HIV treatment retention and re-engagement of individuals lost to care are of increasing concern. Nearly 50% of individuals in treatment for HIV drop out of care (Grimes et al., 2016). These individuals are more likely to come from disadvantaged/underserved backgrounds and to experience difficulties across several life domains that make treatment engagement challenging (Muthulingam et al., 2013). In Hawai‘i, Native Hawaiians are especially vulnerable to dropping from treatment and social disadvantage (Sentell et al., 2014). Given these intersecting difficulties, a wrap-around service model may be effective in increasing re-engagement in treatment, particularly in Hawai‘i. This study investigated the effectiveness of such an approach. This poster presents the preliminary results of an ongoing mixed methods investigation of a novel case management intervention, called Treatment as Prevention (TasP), aimed at re-engaging HIV-positive, non-virally suppressed individuals living on O‘ahu. These findings suggest that collaborative, wrap-around efforts initiated by clinicians, researchers, and community-based care partners increase individual re-engagement and may lead to improved overall HIV care and second-order change.

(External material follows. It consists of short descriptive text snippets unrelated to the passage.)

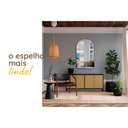 Ver imagem 3 de Espelho Pinterest Orgânico Decorativo Grande 64x44cm Borda em Couro 3cm - Mod. Capela Preto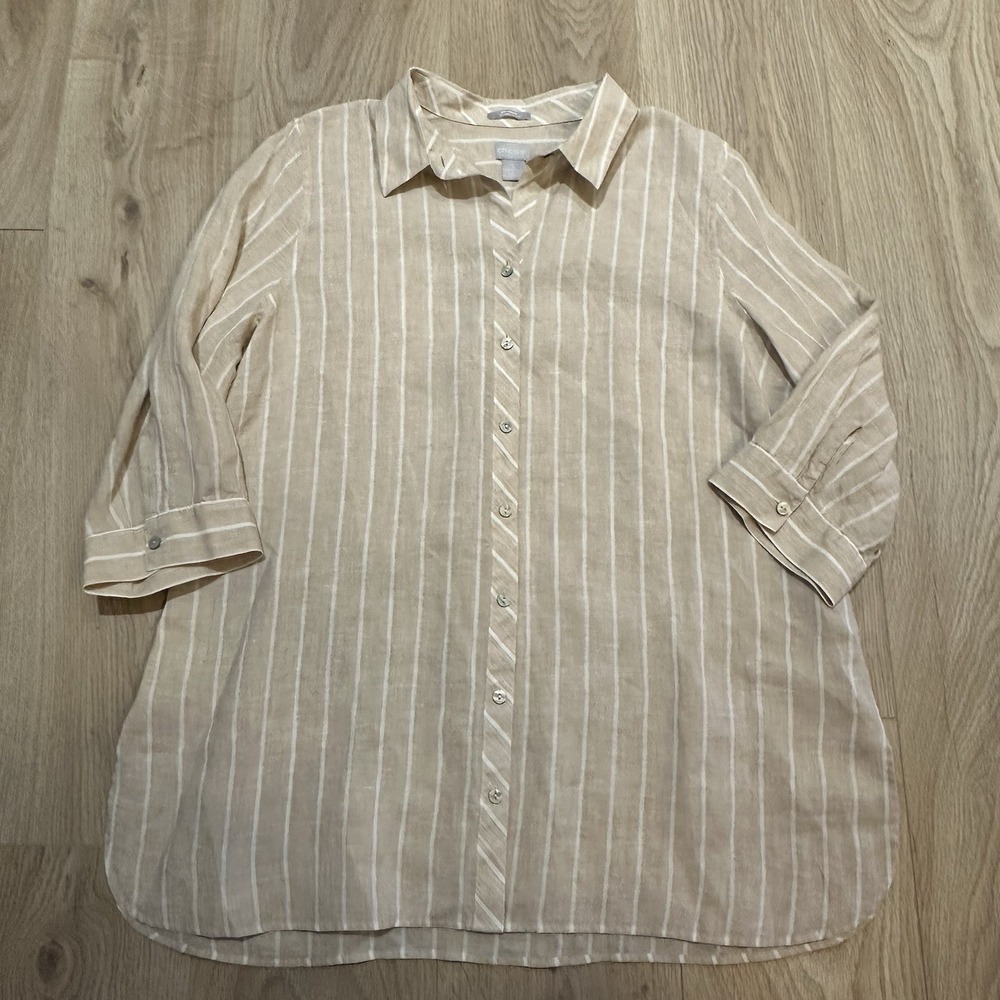 Chico's Blouse Sz 3 US XL 16/18 100% Linen Beige Stripe Blouse No Iron EUC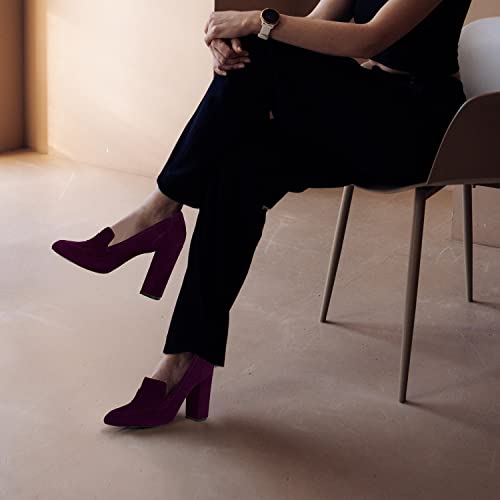 Image of MOOMMO Women Chunky Block Heel Pumps Round Closed Toe Slip On Oxford Loafers Shoes High Heels Snakeskin Work Pump Suede Loafer for Office Ladies Classic Formal Business Professional 4-13 M US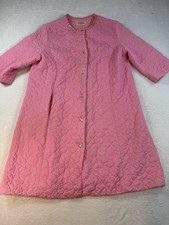 VTG 60s MCM BUBBLE GUM Pink QUILTED Satin Bath Robe House Coat MID CENTURY Sz 16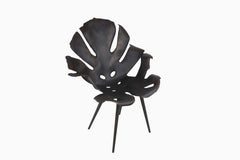 Weathered Philodendron Leaf Dining Chair in Solid Bronze by Christopher Kreiling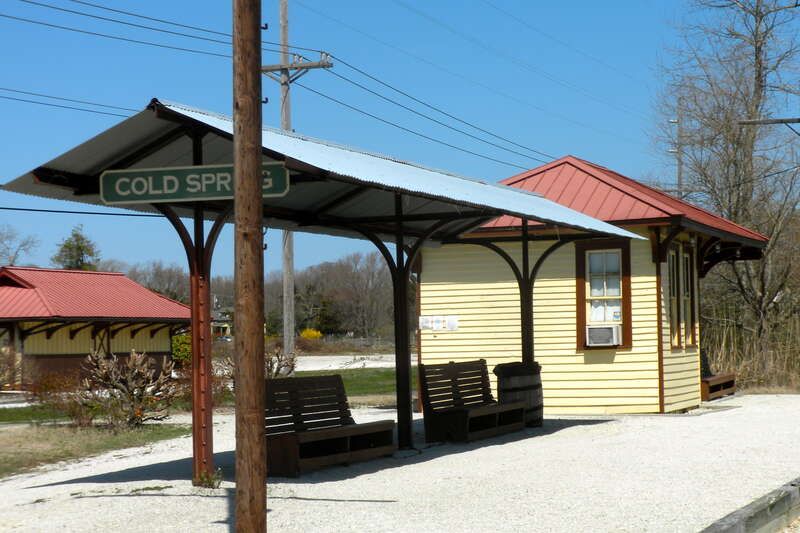 View of Rio Grande, New Jersey train station, after relocation to Historic Cold Spring Village in Lower Township, Cape May County, New Jersey. The station was built in 1894 and relocated to Cold Spring Village in 1975. Listed on NRHP February 13,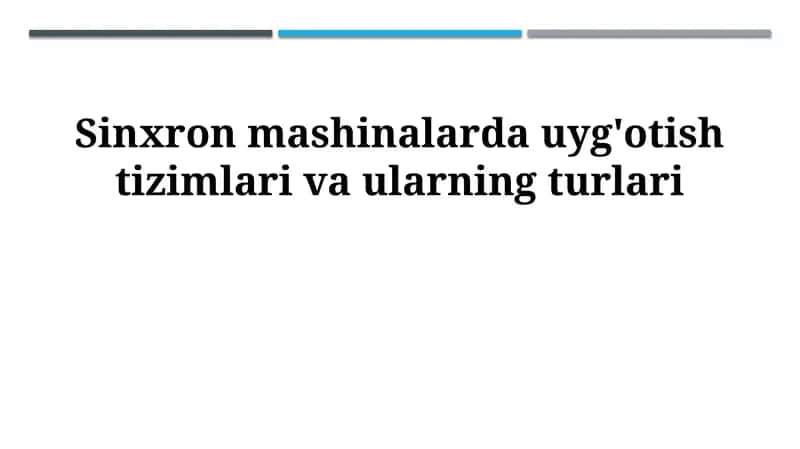 Uyg'otish Tizimlari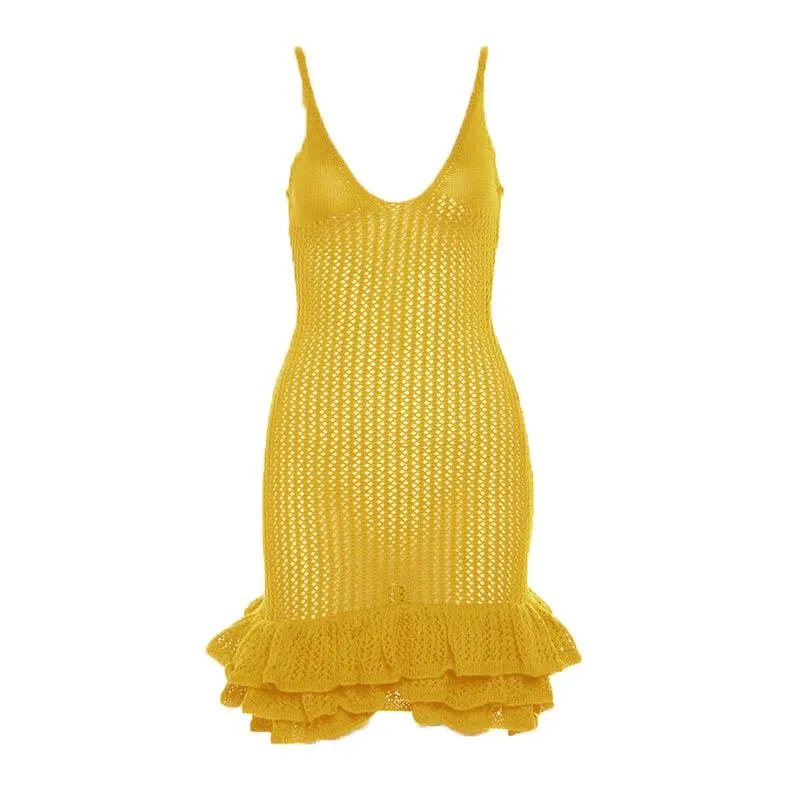 BerriesJam - Crochet V Neck Sleeveless Hollow Out Cut Out Mini Dress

Our study included program participants (n=25) with chronically detectable viral loads (VL > 200) and a history of difficulty engaging in HIV treatment (or were at risk of falling out of treatment). These individuals were transferred from traditional case management (with caseloads over 100) to the intensive, strength-based case management program (caseloads capped at 25). Study staff surveyed and interviewed program participants at baseline and then every other month. The survey assessed health-related quality of life, barriers to care, access to healthcare, housing, social support, and community engagement. Interviews were transcribed and coded thematically.
Preliminary findings suggest that individuals receiving case management support addressing ancillary needs (e.g., housing, employment, transportation, social support, and mental health) demonstrated increased likelihood of returning to HIV treatment. Early findings also suggest that increased time per individual and the person-centered approach of the case manager were integral elements to re-engagement. Further, we found that collectively recruited efforts across the full system of care through wrap-around services was essential for effective support.
This study provided early evidence that interventions that lend support to individuals across meaningful life domains and engage multiple care providers into a coordinated network may be effective in re-engaging individuals previously lost to care.